Problem statement:
Please copy every line with the string "House" from the entries below.

Start of The records

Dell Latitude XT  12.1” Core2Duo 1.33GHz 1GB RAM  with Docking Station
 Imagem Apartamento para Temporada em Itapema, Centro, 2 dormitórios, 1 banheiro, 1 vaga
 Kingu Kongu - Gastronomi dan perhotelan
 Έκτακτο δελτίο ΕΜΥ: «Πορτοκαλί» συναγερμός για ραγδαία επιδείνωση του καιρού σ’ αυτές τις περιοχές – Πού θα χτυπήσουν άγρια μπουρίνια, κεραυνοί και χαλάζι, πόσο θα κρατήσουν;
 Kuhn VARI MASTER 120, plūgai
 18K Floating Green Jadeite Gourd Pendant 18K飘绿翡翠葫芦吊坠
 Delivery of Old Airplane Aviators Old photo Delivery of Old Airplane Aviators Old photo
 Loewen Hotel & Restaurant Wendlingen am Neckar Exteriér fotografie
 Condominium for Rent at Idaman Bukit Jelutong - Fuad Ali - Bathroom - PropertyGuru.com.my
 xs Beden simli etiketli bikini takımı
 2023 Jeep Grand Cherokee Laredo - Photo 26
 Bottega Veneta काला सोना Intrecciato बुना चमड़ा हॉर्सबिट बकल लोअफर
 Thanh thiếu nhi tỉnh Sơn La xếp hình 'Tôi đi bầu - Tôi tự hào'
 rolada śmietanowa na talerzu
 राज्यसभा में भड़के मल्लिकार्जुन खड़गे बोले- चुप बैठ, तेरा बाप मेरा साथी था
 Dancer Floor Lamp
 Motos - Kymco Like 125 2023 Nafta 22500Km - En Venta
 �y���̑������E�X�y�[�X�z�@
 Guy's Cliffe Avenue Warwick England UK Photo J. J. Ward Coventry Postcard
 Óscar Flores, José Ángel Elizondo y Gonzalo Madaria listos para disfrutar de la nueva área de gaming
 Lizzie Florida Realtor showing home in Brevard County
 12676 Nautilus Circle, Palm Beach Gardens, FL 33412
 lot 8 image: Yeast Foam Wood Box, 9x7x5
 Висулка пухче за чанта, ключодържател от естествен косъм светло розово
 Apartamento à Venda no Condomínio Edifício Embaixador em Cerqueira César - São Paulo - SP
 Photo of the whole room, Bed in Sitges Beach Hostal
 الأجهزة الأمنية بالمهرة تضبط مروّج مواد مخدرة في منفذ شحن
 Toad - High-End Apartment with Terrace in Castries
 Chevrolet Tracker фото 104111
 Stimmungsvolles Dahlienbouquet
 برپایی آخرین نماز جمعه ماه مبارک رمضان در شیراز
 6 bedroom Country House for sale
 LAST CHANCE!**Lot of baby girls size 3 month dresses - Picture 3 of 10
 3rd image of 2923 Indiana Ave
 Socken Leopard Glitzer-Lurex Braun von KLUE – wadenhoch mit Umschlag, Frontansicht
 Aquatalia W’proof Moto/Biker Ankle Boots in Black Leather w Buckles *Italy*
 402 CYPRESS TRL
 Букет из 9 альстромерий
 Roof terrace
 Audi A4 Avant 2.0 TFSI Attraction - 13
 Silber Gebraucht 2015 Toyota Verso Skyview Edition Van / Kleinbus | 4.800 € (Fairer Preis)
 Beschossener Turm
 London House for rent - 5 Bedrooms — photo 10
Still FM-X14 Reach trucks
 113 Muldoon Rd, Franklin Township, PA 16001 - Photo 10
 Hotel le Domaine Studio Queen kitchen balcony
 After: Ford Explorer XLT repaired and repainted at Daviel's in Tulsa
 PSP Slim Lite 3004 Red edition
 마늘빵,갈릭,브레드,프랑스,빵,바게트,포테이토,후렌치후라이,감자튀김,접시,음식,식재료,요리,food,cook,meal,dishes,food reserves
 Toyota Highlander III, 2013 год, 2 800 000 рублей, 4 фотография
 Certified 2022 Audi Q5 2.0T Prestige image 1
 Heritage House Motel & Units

End of The records

Written solution:
 6 bedroom Country House for sale
 London House for rent - 5 Bedrooms — photo 10
 Heritage House Motel & Units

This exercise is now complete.